The reason for the initiative of Sea-Watch, which could now potentially have legal consequences, stems from an incident on 10th May in which a patrol boat of the Libyan Coastguard dangerously cut across the bow of the Sea-Watch 2 in order to subsequently reach a wooden boat with c. 500 people on board. The captain of the patrol boat forced the refugees and migrants to stop their boat at gunpoint. Subsequently, they were brought back to Tripoli and from there to the infamous ‘Detention Centres’.“All incidents took place outside Libyan territorial waters and this represents a clear violation of the international ban on refoulement.
It would be an important step if the Prosecutor of the International Criminal Court in The Hague would investigate the crimes of the so-called Libyan Coast Guard closely.
The evidence presented by Sea-Watch is precise and concrete. Now it is up to the International Criminal Court to take the necessary action.”, says Sea-Watch lawyer Jens Janssen. “Sea Watch contacted and encouraged the International Criminal Court to investigate the incidents. The ICC examines if an investigation will be opened.”
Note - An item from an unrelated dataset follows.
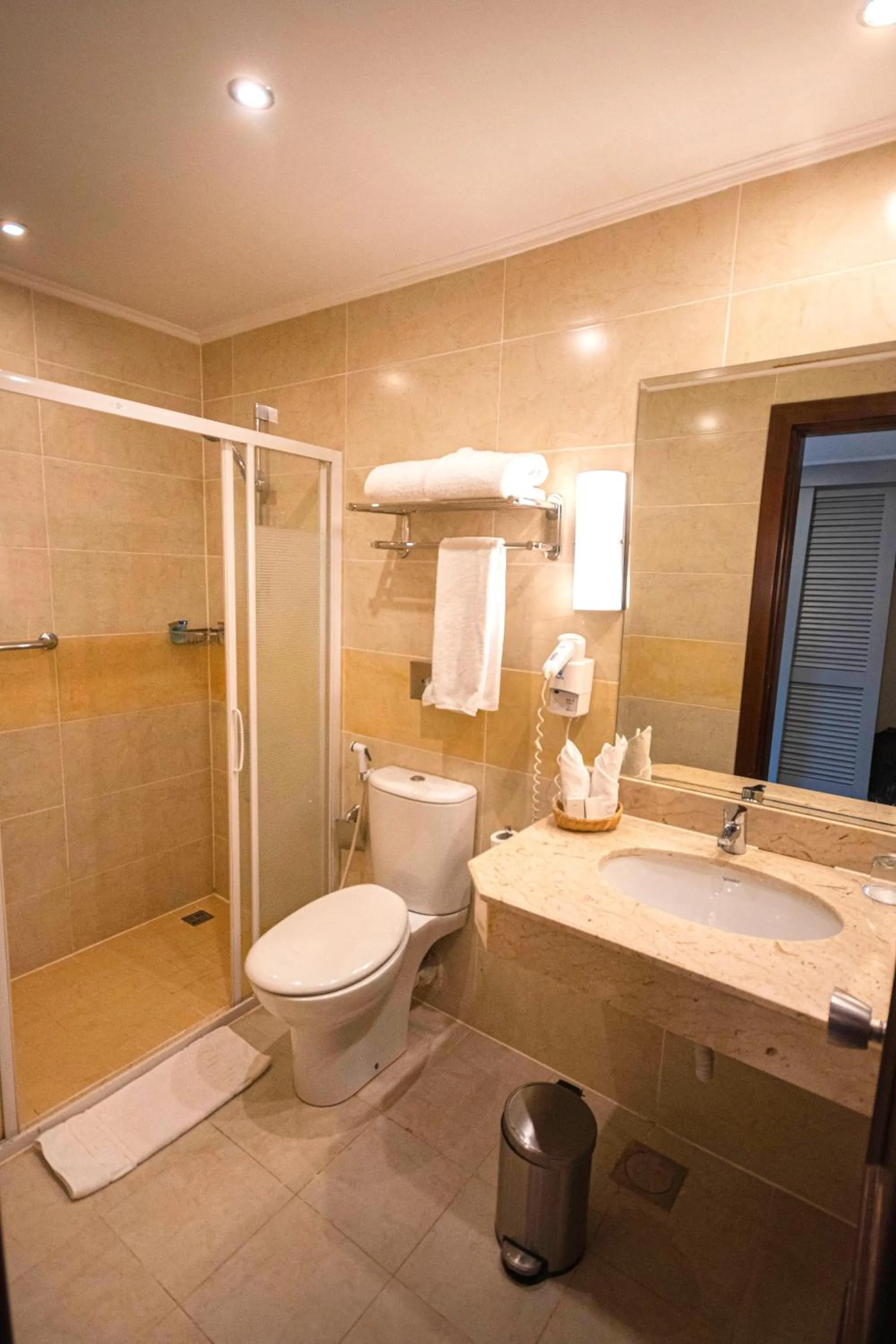 Shower in Nuweiba Club Resort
“Unfortunately, the grossly negligent and often criminal actions of the so-called Libyan Coastguard are not an isolated incident, and they can sometimes end in death: in October we witnessed how dozens of people drowned before the eyes of our crew after the Libyan Coastguard damaged an overloaded rubber boat. The Libyans had also tried in this instance to bring the boat from international waters back to Libya: 104 other people only survived because Sea-Watch was on hand and pulled them out of the water,” says Axel Grafmanns, CEO of Sea-Watch. “Currently, we are observing a sharp increase in such encroachments by the Libyan Coastguard. Less than two weeks after the incident of 10th May, the crews of Jugend Rettet und SOS Mediterranée were caught in the crossfire when the crew of a patrol boat fired shots from an automatic weapon in the direction of several refugee boats during another illegal refoulement,” says Grafmanns. “In this case the role of the rescue coordination centre in Rome must be urgently clarified, which at least for the incident of 10th May had given over coordination of the operation to the Libyans, meaning that the refoulement may even have taken place with European consent.”
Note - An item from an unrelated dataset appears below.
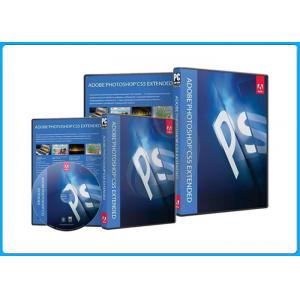 China Full Retail Version Adobe Graphic Design Software photoshop extended cs5 wholesale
Sea-Watch demands that the training of the Libyan Coastguard be contingent on strict conditions. “It cannot be accepted that fundamental rights are here being continuously violated – and with European support in the form of both know-how and material help,” says Axel Grafmanns. “Europe must decide between human rights and resistance to migration. Any support for the so-called Libyan Coastguard should be stopped until it can be guaranteed that the units in question orient their behaviour in accordance with the Universal Declaration of Human Rights. Everyone has the right to leave their country. Refoulement to Libya is not only a humanitarian disaster but also simply illegal, and must not be tolerated by the EU, let alone funded by it. We are therefore pleased that the International Criminal Court is taking the matter in hand.”